Und der zweite Grund heißt Kurzarbeit. Zahlreiche Unternehmen halten die Belegschaft im Betrieb, und ein auf 60 Prozent reduziertes Gehalt wird für mehrere Monate vom Arbeitsamt gezahlt. Quasi eine versteckte Art von Arbeitslosigkeit – aber ein gutes Instrument, damit die Betriebe nach der Krise wieder sofort ihre Produktion hochfahren können, und die Menschen mit einem blauen Auge durch die Krise kommen. Die Bundesagentur für Arbeit veröffentlich in ihren Monatsberichten Daten zur Kurzarbeit immer mit zwei Monaten Verzögerung. Also haben wir jetzt Daten für Januar, wo für 108.000 Arbeitnehmer konjunkturelles Kurzarbeitergeld gezahlt wurde, nach 89.000 im Dezember und 42.000 im Januar des Vorjahres.
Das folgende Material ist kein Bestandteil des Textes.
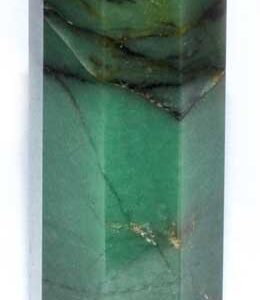 3"+ Bowenite obelisk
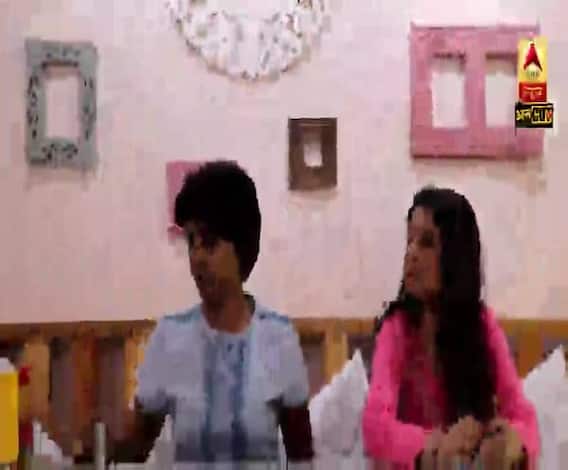 THE BURPING GIRLS TAKE THE FOOD CHALLENGE: THE TIE BREAKER ROUND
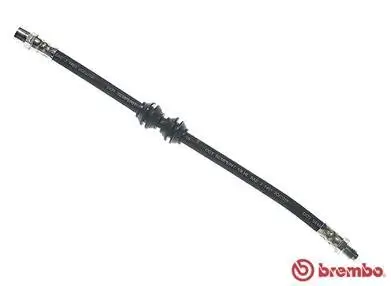 Bremsschlauch BREMBO T 85 057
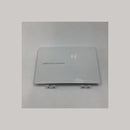 Tapa original secadora Bosch código 00671164 para recambio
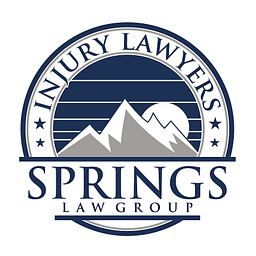 Springs Law Group LLC logo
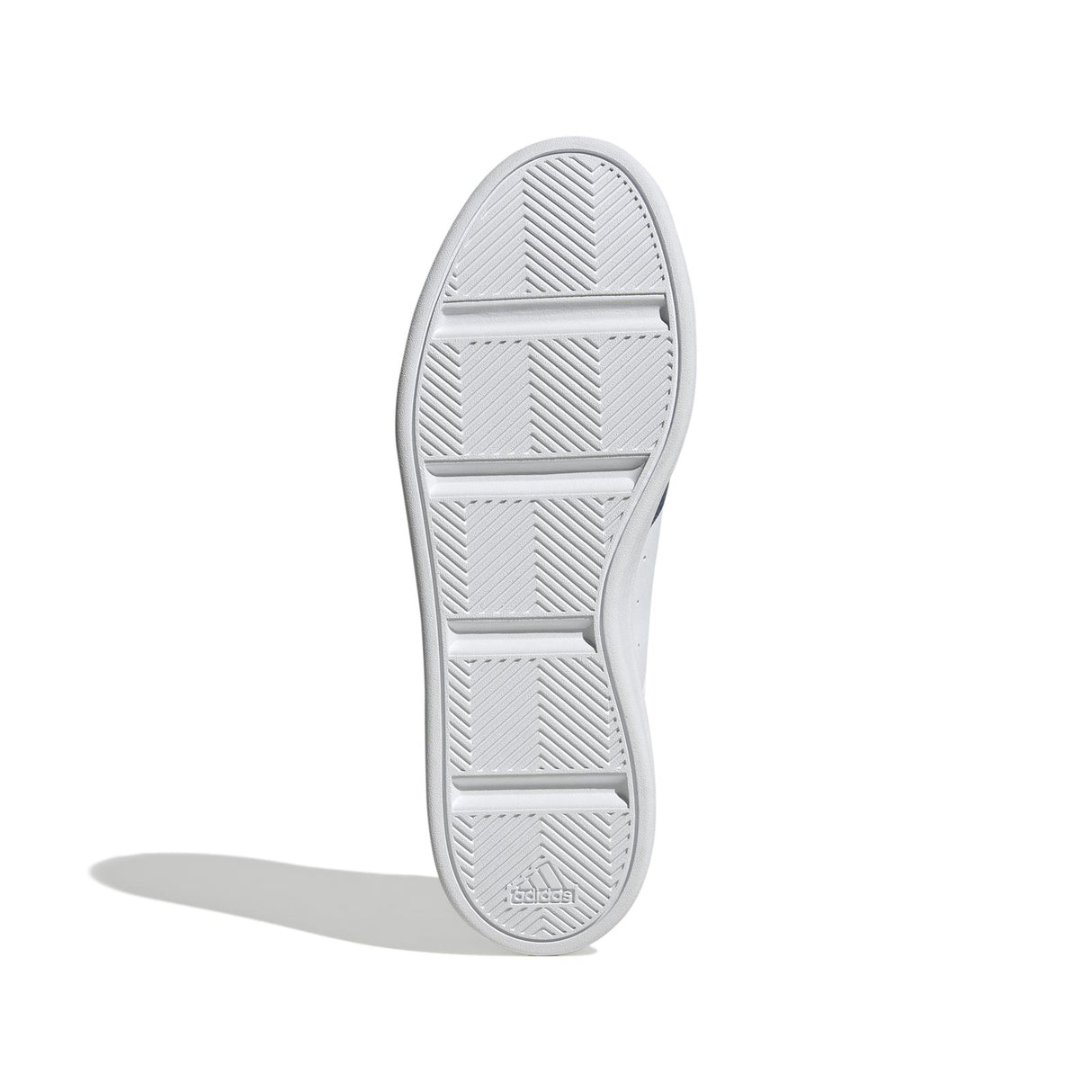 adidas Kantana White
Zur aktuellen Lage sagen die Statistiker der Agentur Zitat:

Aktuelle Daten zu den geprüften Anzeigen liegen für den Februar vor und umfassen damit nicht die Verschärfung der Corona-Krise. Danach wurden im Februar für 41.000 Personen konjunkturelle Kurzarbeit angezeigt, nach 42.000 im Januar. Auf Basis der geprüften Anzeigen ist zurzeit keine verlässliche Schätzung der tatsächlichen Inanspruchnahme am aktuellen Rand möglich.

Also, wird ein Anstieg der Arbeitslosigkeit in Deutschland in Folge der Coronakrise erst Ende April sichtbar, oder werden hunderttausende Arbeitnehmer durch das Instrument der Kurzarbeit von der Arbeitslosigkeit (erst einmal) verschont? Wir tippen auf Variante 2. Ein eventuell ganz leichter Anstieg der Arbeitslosigkeit, dafür ein sehr starker Anstieg bei der Kurzarbeit!